Another TRA on the same WMD type, TRA “B,” asked another set of SMEs to characterize a spectrum of Red groups that could contribute to the risk, including ones for which they have no intelligence. Those SMEs characterized a broad spectrum of Red groups, not tied to currently known groups. As a result, TRA “B” based its assessments upon a more broadly based threat, which could result in a higher assessment of overall risk, and broader probability distributions over targets and versions of that WMD.
This presents us with a long list of questions and concepts:
- Did the two sets of SMEs in fact have two different opinions on the sources of risk, or did the two TRAs define “risk” differently?
- Should Blue (we are Blue) risk management be based on the opinions of IC SMEs based on current intelligence (as with TRA A)?
- Or should it be based on what Red groups “could be out there” (as with TRA B)?
- Does the TRA A approach define the risk too narrowly, or does it make the best use of Blue intelligence?
- What is “Best Use of Available Data” (“BUAD”)? Is it “sticking with” IC SME TRA A judgments, or is part of that “Available Data” the fact that the two sets of SMEs disagreed, and so BUAD is to account for the broader-scope risk elicited from the SMEs of TRA B?
- Is it OK for Blue to “trust” the TRA A SMEs to “know how much they do not know”? You could say that the TRA A SMEs know the information and capabilities “out there,” and so can indeed know that unknown groups can’t contribute significantly to the risk.
- On the other hand, you could ask “But … what about Black Swans?”
- Or you could assert that, regardless of our high or low confidence that the TRA A SMEs know how much they do not know, on a first-principles basis Blue should account for unknown groups.
- Is that a misallocation of Blue defensive resources (toward possibly imaginary Red groups) and a failure to make the best use of available information, or is it sound risk management in an uncertain world?
- Given all that, what’s the best basis for advising Blue?
Challenge 2: What do we do when TRA “A” and TRA “B” differ in their assessments of the same risk by N orders of magnitude?
Example: I can name two different pairs of TRAs, one pair for each of two different WMD types, where yes, in fact, the TRAs differed in their results (e.g. expected fatalities per decade) by N orders of magnitude. (Only one of these four TRAs is among the six I listed earlier.) Actually, with one of the WMD types the TRAs differed by twice as many orders of magnitude, 2*N, than the pair of TRAs for the other WMD type.
The conundrum: The decision makers were provided descriptions of the analyses, assumptions, etc., for each TRA. No typical error bar considerations, or analysis scope differences, could explain the differences. We have no basis for determining that one of the TRAs is “wrong” and the other one “right.” The differences could be attributed to differing assumptions and/or SME judgments.

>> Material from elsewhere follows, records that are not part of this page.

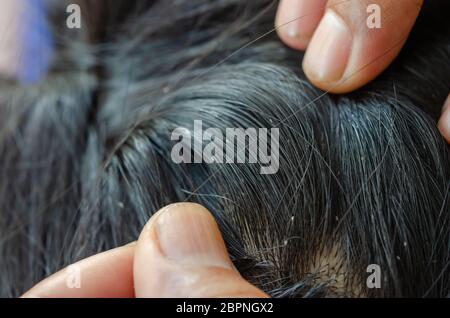 Oeufs de poux sur la tête de cheveux causes de démangeaisons. Banque D'Images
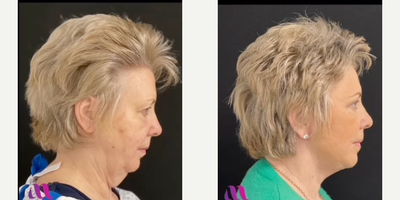 Neck Lift before and after photo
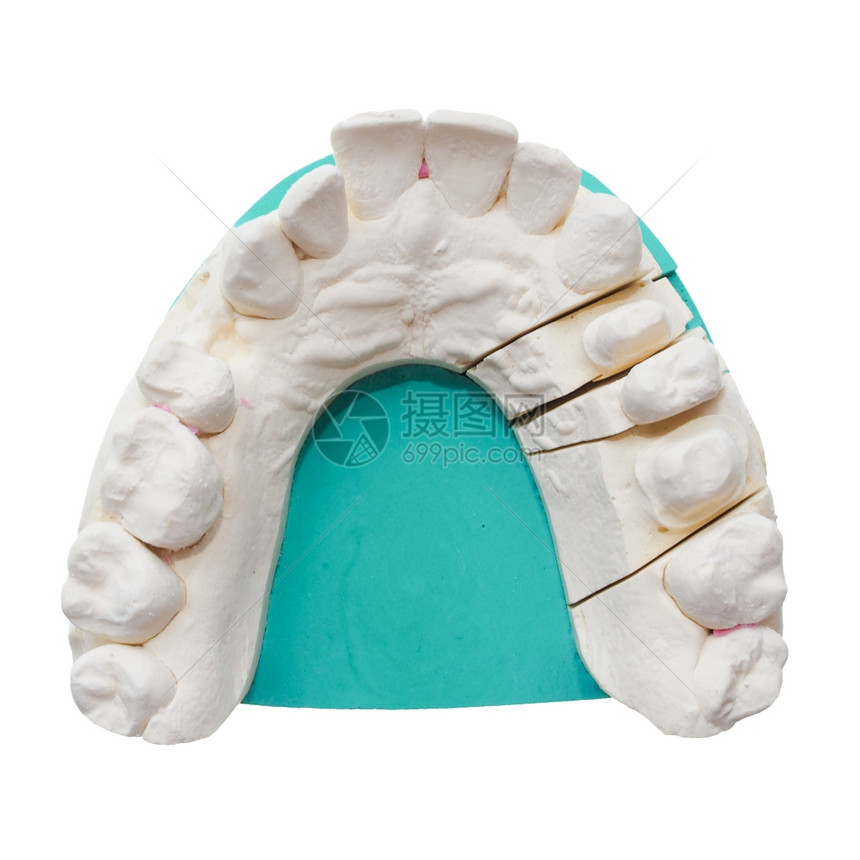 阳牙齿科假的复制是因齿被白隔绝的阴牙齿印象而形成的图片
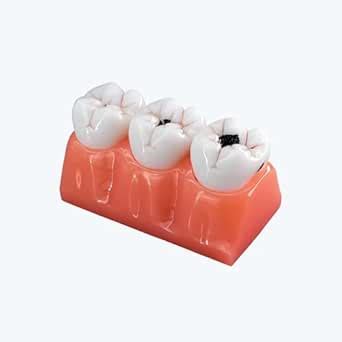 LABZIO by EISCO - Staged Model of Decaying Tooth, Removable and ...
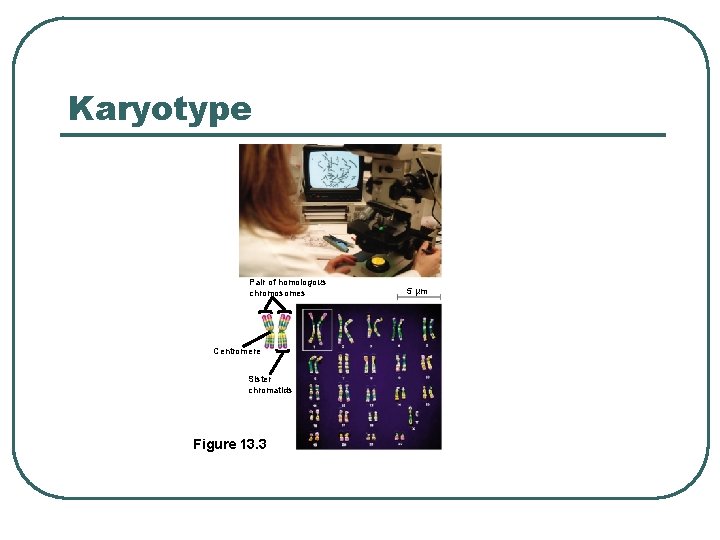 Karyotype Pair of homologous chromosomes Centromere Sister chromatids Figure 13. 3 5 µm 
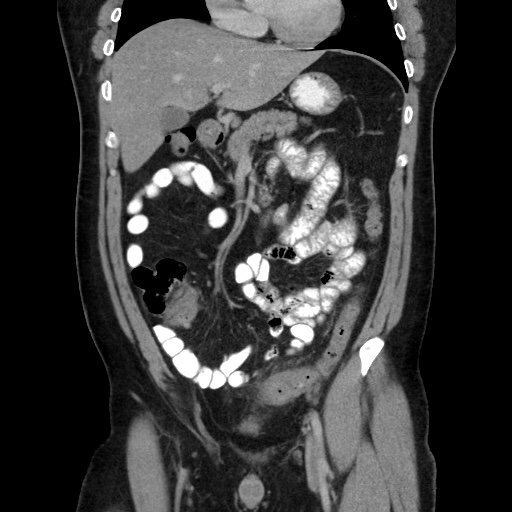 Acute diverticulitis with localized perforation (Radiopaedia 41296-44113 Coronal C+ portal venous phase 27).jpg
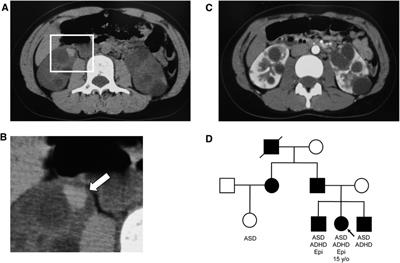 Case Report: Guanfacine and methylphenidate improved chronic lower back pain in autosomal dominant polycystic kidney disease with comorbid attention deficit hyperactivity disorder and autism spectrum disorder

In fact, typically assumptions are checked with SMEs, so we can regard assumptions and SME judgments as the same source of the differences. So …:
- What does this tell us about the ability of TRAs to advise Blue risk management?
- How should Blue manage risk given this level of advice? We’re looking for better answers than simply “use more SMEs.” Also looking for better answers than “combine the models,” since that idea seems suspect when the models differ by N orders of magnitude.
- Is TRA as discussed here, i.e., based on probabilistic risk assessment, a fundamentally flawed approach when applied in this context, or is it fundamentally sound but prone to variation?
- If the former, what should be done to replace it?
- If the latter, how can we shore it up
The views and opinions expressed here are mine alone, and do not represent in any way the views or opinions of any organization with which I am associated.